-- WHAT THIS TASK INVOLVES --
Reproduce, exactly and only, the lines of the data that follows from the one containing "景谷县15天预报(景谷县天气预报24小时查询)-第2张图片" down to the one containing "Entrada Madeira Porta", without pictures.

(Saved entries)
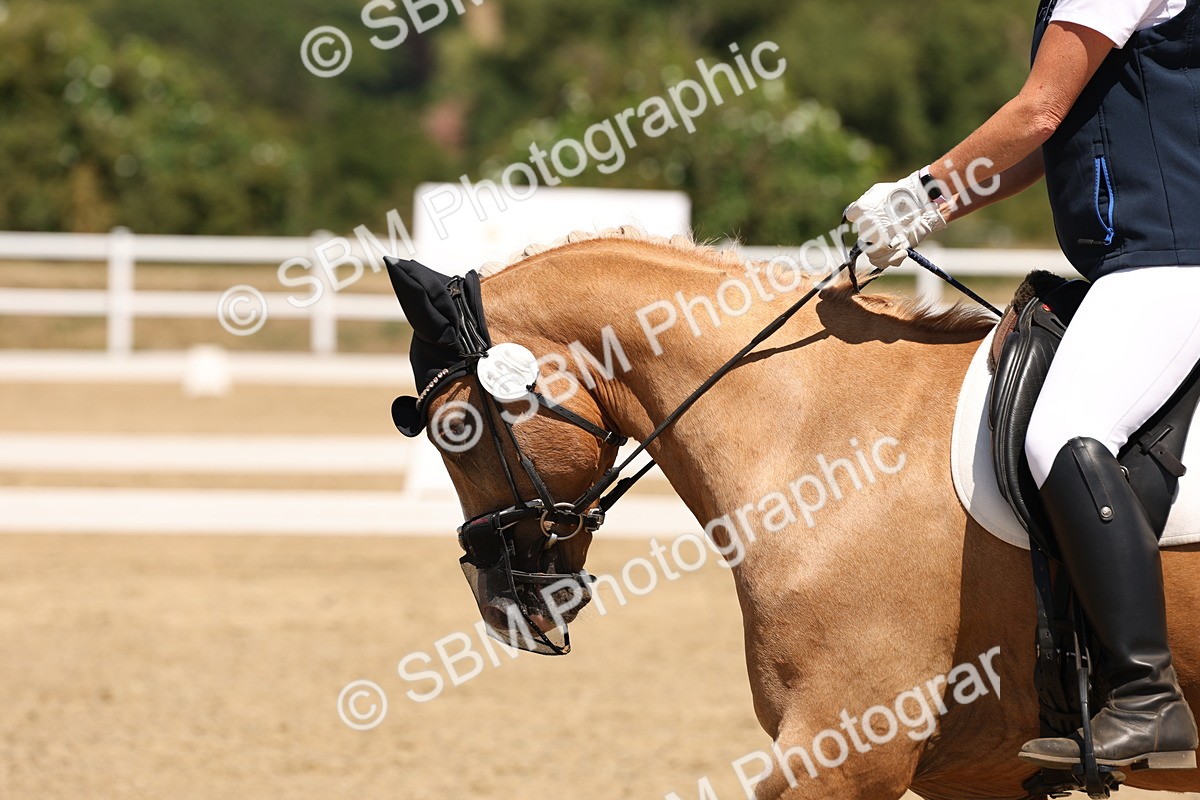 SBM_002232 - Elementary 4 Warm Up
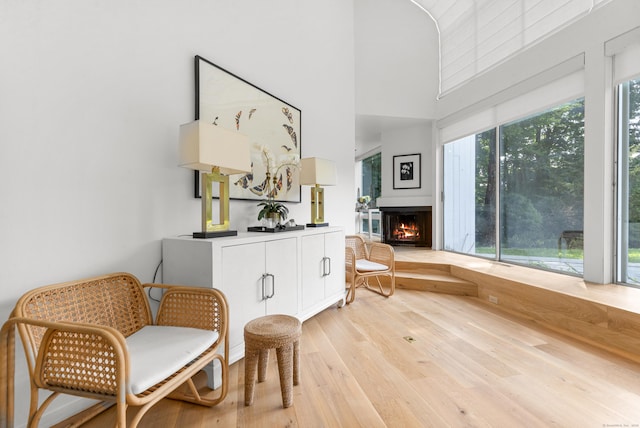 274 Nod Rd, Ridgefield, CT 06877 - living area featuring light wood-type flooring, a warm lit fireplace, and a high ceiling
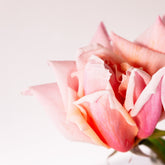 Close up of a peachy-pink rose with soft white background.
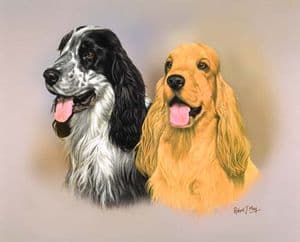 Signed Cocker Spaniel Print DD004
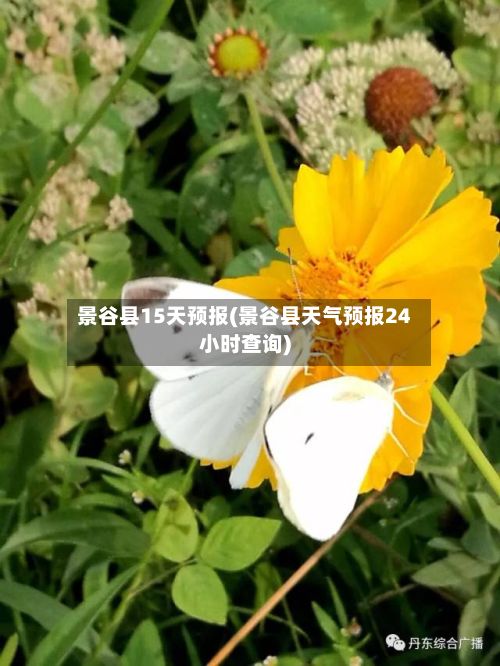 景谷县15天预报(景谷县天气预报24小时查询)-第2张图片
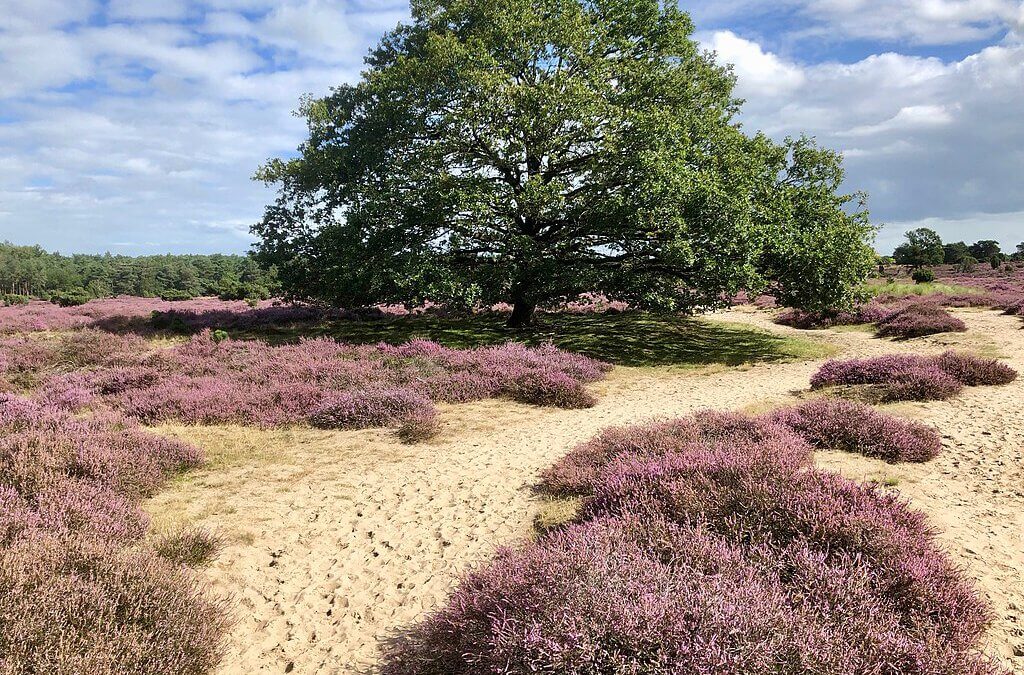 IBOR Hof van Twente brengt nog meer focus aan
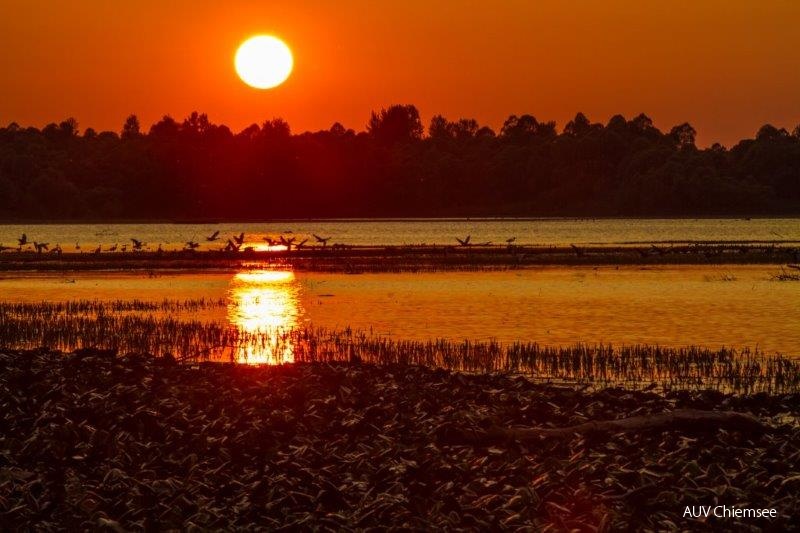 Sonnenuntergang in der Hirschauer Bucht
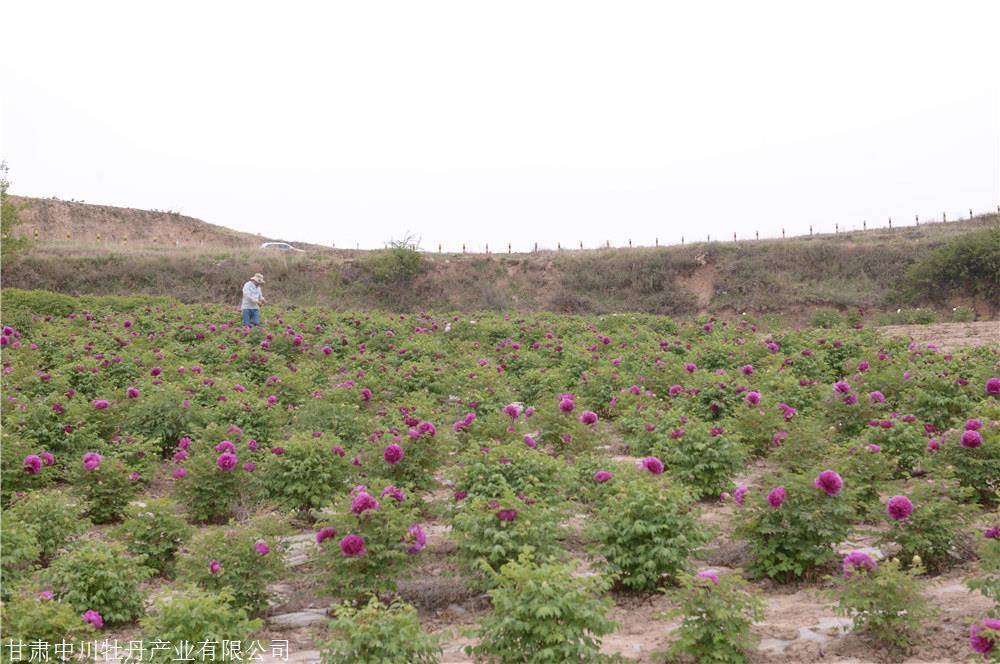 牡丹苗 观赏牡丹嫁接苗 牡丹种苗批发 紫斑牡丹苗 牡丹花苗价格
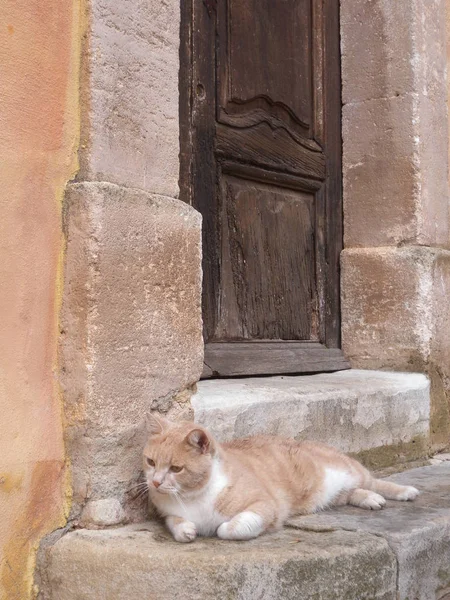 Entrada Madeira Porta Com Gato Deitado Roussillon Village Provence França — Fotografia de Stock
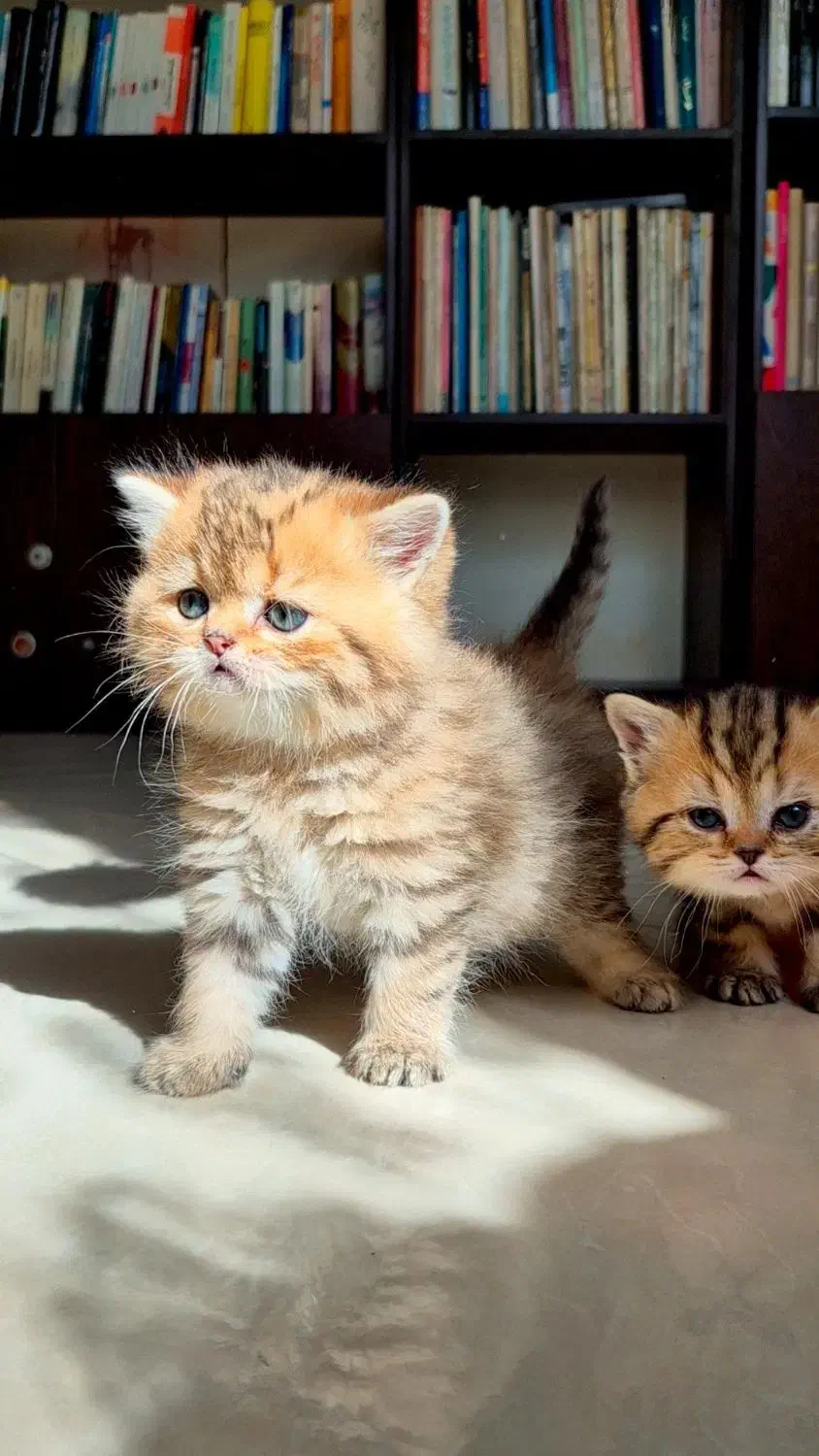 بریتیش عروسکی|گربه|کرج, گلستان|دیوار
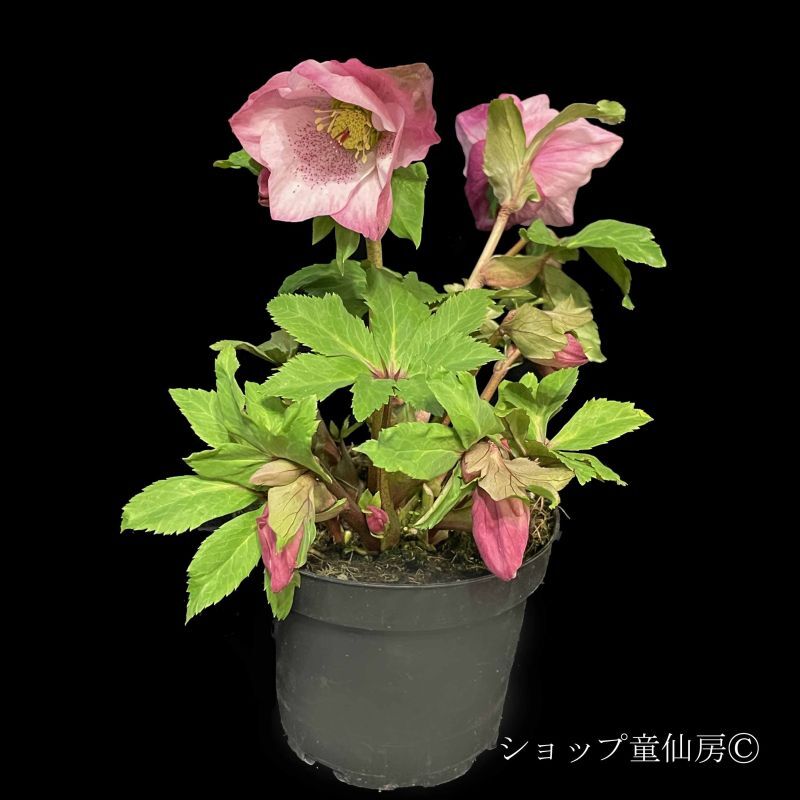 宅配 桜餅 セット1 小苗 クリスマスローズ 花 - msseeds.com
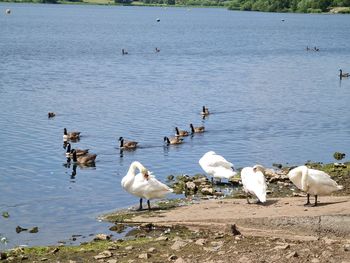 Swans at lakeshore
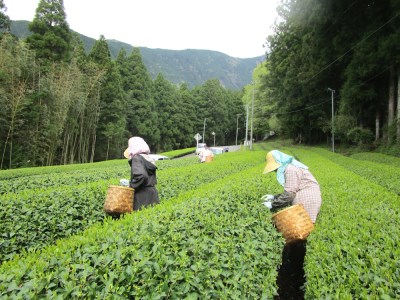 35-7 生粋川根茶 澤本園 ふるさとありがとう16
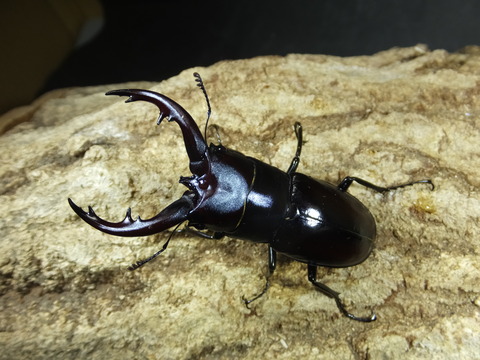 トカラノコ悪石黒化
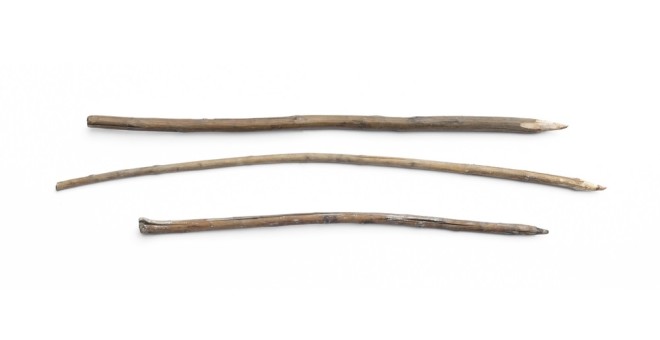 Wooden spears used by Neanderthals to hunt cave lions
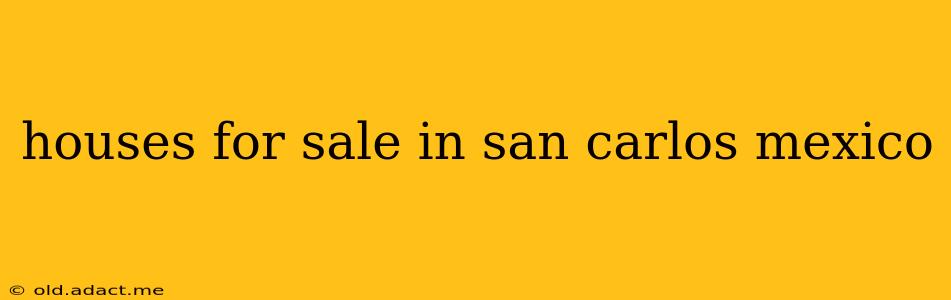 houses for sale in san carlos mexico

-- YOUR RESPONSE --
 景谷县15天预报(景谷县天气预报24小时查询)-第2张图片
 IBOR Hof van Twente brengt nog meer focus aan
 Sonnenuntergang in der Hirschauer Bucht
 牡丹苗 观赏牡丹嫁接苗 牡丹种苗批发 紫斑牡丹苗 牡丹花苗价格
 Entrada Madeira Porta Com Gato Deitado Roussillon Village Provence França — Fotografia de Stock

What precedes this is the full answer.